Investment - Articles - For the second successive year annuity rates are set to rise

New data from the latest Moneyfacts UK Personal Pension Trends Treasury Report reveals that average annual annuity income has risen by between 1.4% and 4.8% during the first half of 2018, putting annuity rates on course for a second successive year of increases. This would be the first time this has happened since 2006-2007.

 Table 1: Average annual change in pension annuity income (figures based on £10,000 level without guarantee annuity for an individual aged 65).


 The report shows that since falling to all-time lows in September 2016 following the EU referendum result, annuity rates have rallied strongly. Average annual standard annuity income has increased by 14.6% since then and is now just 1.2% lower than when pension freedoms were introduced in April 2015.

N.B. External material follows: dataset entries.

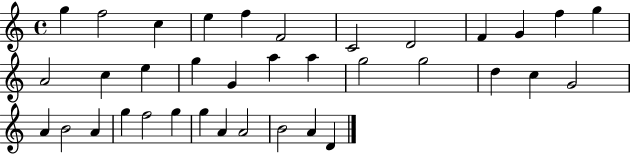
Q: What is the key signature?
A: C major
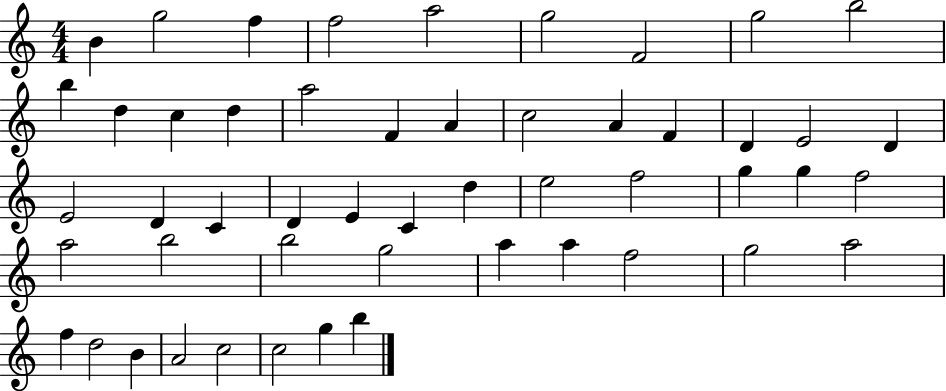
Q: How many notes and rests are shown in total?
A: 51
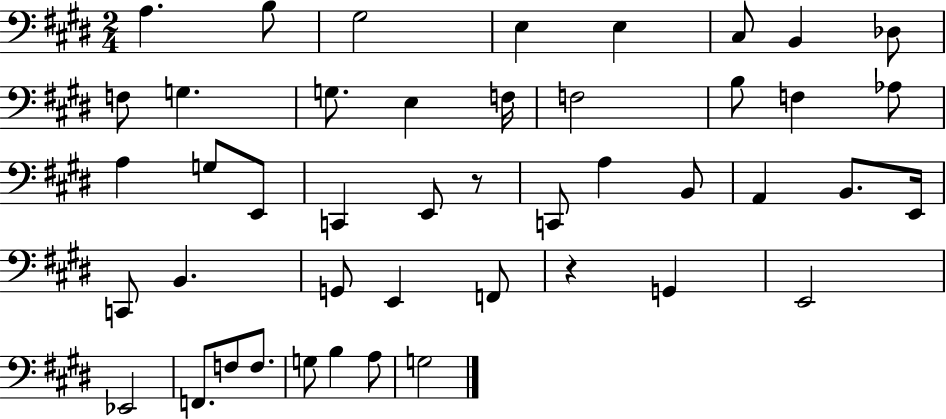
A3/q. B3/e G#3/h E3/q E3/q C#3/e B2/q Db3/e F3/e G3/q. G3/e. E3/q F3/s F3/h B3/e F3/q Ab3/e A3/q G3/e E2/e C2/q E2/e R/e C2/e A3/q B2/e A2/q B2/e. E2/s C2/e B2/q. G2/e E2/q F2/e R/q G2/q E2/h Eb2/h F2/e. F3/e F3/e. G3/e B3/q A3/e G3/h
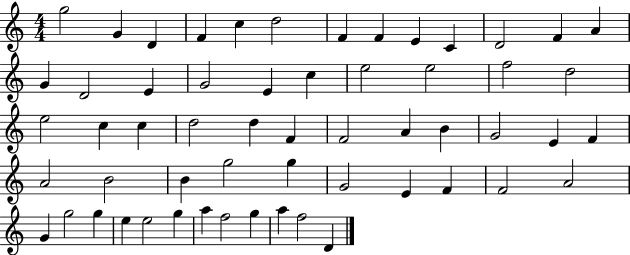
X:1
T:Untitled
M:4/4
L:1/4
K:C
g2 G D F c d2 F F E C D2 F A G D2 E G2 E c e2 e2 f2 d2 e2 c c d2 d F F2 A B G2 E F A2 B2 B g2 g G2 E F F2 A2 G g2 g e e2 g a f2 g a f2 D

 Q2 2018 was the third consecutive quarter in which standard annuity rates have risen, albeit fairly modestly. The average annual standard level without guarantee annuity income for an individual aged 65 years old increased by 0.6% from £473 in April 2018 to £476 in July 2018 for a £10,000 pension pot, and by 1.2% from £2,594 to £2,626 for a £50,000 pension pot.

 Richard Eagling, Head of Pensions at Moneyfacts, said: “Despite their much-reduced popularity, annuities remain the only at-retirement product that enables individuals to insure against investment and longevity risk. This raises the question as to whether an annuity would be a more suitable option for risk-averse retirees currently holding cash in their drawdown plans for no long-term strategic reason. Here the focus remains on whether rates are sufficiently high enough to tip the balance of power back towards annuities.”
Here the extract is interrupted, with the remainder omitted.